The aim of the project is to produce a COS for TBPI relevant to patients, healthcare professionals and academics.
The scope of this COS is intended for international routine clinical care and clinical studies evaluating the effectiveness of interventions (surgical and conservative) for adults with a TBPI.
Adults >18 years of age.
Types of interventions
All surgical and non-surgical interventions.
The development of this COS adheres to COMET and COS-Standards for Development (COS-STAD) recommendations.35 36 The study is a mixed-method design involving the use of both qualitative and quantitative methodologies. A Delphi study informed by data from the systematic review and qualitative interviews, and a consensus meeting will be undertaken to achieve consensus on the COS.
There will be two phases:
Identification of an outcome long list through:
Systematic literature review to identify clinical and patient-reported outcomes relevant to TBPI care.
Semi-structured interviews to identify outcomes important to patients.
Reduction of the long list by grouping similar items together into domains and to create questionnaire items for the Delphi.
Prioritisation of outcomes through an online three-round Delphi and a consensus meeting to agree the final COS.

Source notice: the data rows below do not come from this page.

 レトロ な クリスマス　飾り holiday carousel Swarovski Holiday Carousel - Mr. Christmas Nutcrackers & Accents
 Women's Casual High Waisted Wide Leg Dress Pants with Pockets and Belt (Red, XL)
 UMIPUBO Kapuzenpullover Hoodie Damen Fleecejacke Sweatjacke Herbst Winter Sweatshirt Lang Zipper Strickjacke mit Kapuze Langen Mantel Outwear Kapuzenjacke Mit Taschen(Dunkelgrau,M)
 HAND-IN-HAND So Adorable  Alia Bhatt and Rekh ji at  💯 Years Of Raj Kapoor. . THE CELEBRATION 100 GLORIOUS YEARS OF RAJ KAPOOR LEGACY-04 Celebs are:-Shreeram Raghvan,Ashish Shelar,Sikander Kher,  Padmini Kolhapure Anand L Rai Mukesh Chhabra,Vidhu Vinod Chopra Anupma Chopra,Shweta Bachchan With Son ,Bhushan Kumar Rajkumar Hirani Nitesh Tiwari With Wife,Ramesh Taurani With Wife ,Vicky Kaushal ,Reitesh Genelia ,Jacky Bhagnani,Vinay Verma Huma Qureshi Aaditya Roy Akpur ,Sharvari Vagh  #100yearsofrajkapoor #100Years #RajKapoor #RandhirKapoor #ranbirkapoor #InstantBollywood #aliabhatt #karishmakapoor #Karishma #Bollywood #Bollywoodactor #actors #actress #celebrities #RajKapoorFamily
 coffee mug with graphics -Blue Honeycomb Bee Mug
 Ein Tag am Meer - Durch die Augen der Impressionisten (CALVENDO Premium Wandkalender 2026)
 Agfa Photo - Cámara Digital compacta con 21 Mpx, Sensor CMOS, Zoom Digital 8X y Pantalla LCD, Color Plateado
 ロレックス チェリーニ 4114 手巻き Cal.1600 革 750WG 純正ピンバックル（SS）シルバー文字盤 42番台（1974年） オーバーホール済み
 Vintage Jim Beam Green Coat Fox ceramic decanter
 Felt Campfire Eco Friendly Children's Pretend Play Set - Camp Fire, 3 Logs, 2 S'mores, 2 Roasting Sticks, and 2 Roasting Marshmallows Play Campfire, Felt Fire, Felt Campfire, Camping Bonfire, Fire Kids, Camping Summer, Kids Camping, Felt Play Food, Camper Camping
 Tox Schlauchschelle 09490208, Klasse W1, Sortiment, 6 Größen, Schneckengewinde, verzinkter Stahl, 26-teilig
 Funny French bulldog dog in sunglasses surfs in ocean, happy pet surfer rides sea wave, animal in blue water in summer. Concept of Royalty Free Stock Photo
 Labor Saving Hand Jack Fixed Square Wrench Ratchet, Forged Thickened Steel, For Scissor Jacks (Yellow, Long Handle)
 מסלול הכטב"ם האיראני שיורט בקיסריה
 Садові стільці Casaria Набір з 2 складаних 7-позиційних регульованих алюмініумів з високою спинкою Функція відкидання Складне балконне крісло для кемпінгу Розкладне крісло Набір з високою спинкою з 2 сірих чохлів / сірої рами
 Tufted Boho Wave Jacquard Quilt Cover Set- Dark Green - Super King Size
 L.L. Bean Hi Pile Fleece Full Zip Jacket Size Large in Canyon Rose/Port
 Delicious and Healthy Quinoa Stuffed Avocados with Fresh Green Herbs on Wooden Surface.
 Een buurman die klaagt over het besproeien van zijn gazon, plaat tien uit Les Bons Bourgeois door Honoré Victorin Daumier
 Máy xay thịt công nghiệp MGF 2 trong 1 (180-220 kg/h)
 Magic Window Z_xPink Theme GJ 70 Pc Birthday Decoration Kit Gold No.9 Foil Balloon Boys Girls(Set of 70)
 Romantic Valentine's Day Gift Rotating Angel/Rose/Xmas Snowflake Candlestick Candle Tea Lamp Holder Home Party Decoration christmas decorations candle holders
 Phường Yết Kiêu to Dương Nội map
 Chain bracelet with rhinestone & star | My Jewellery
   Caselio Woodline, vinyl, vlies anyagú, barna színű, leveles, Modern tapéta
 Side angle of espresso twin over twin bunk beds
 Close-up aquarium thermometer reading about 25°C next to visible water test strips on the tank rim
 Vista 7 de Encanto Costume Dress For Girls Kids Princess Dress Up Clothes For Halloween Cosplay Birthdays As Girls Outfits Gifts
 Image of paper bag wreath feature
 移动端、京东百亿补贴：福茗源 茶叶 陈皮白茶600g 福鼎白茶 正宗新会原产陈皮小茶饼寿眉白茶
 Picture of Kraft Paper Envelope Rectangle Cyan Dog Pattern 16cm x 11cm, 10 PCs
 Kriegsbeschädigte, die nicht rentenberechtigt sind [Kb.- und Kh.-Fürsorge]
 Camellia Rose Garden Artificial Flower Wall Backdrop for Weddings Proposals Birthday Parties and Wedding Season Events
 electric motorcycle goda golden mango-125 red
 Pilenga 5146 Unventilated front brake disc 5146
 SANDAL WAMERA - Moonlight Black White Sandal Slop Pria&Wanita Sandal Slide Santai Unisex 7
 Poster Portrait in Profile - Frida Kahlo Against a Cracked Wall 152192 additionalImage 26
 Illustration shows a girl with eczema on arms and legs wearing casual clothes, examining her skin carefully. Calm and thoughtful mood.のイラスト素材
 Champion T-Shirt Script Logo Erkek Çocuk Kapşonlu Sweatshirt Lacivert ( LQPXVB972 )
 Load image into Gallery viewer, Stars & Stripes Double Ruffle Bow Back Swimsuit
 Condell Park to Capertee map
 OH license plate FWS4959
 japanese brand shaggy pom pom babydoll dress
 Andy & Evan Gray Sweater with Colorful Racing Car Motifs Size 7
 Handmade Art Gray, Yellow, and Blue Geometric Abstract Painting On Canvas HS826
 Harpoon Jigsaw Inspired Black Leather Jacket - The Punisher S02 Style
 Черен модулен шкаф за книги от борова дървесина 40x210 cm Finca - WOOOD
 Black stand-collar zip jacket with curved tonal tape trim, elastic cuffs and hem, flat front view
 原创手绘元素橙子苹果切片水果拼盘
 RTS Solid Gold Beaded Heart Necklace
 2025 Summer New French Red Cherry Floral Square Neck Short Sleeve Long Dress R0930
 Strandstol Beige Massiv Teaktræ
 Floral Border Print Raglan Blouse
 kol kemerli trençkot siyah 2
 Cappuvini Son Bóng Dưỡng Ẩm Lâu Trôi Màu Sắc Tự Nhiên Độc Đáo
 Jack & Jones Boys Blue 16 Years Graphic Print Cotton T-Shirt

Phase 1: Identification of an outcome long list
The aim of phase 1 is to identify a comprehensive list of outcomes important to patients with TBPI and to clinicians and researchers. This will be achieved through a systematic review of outcomes reported in the literature and interviews with individuals with a TBPI to gain their views on what outcome domains should be measured. Combining the results of the systematic review and patient interviews will generate a long list of outcome domains (eg, pain, movement) to be taken forward to the Delphi study.
A systematic review of literature evaluating the effectiveness of surgical and non-surgical interventions for patients with TBPI will be undertaken to identify clinical and patient reported outcomes.
The systematic review will:
Identify clinical and patient-reported outcomes reported in studies evaluating treatments in TBPI.
Identify measurement tools used to assess outcomes.
With few prospective or randomised trials in this clinical area, the criteria for inclusion will be any controlled and uncontrolled experimental or observational studies evaluating any intervention in adult TBPI including case reports, case series, case studies, prospective and retrospective cohort studies and randomised and non-randomised clinical trials. The definition of an intervention includes any surgical or non-surgical care. Clinical outcomes and outcome measurement tools are those relevant to assessment of patient’s recovery and well-being and will include short-term outcomes including adverse events and complications of surgical and non-surgical care and long-term outcomes, for example, quality of life.
The search will be limited to the last 5 years so that outcomes extracted reflect use in recent studies relating to modern treatment of TBPI. Non-English language publications will be included. Conference abstracts will be excluded due to the high risk of duplication with published studies. Studies will not be excluded because of research quality due to the exploratory nature of the review. For searching, Medical Subject Headings including subheadings, publication types and supplementary concepts will be used. Free text (keywords) will also be applied to the term (see online supplementary appendix A for the MEDLINE(OVID) search strategy).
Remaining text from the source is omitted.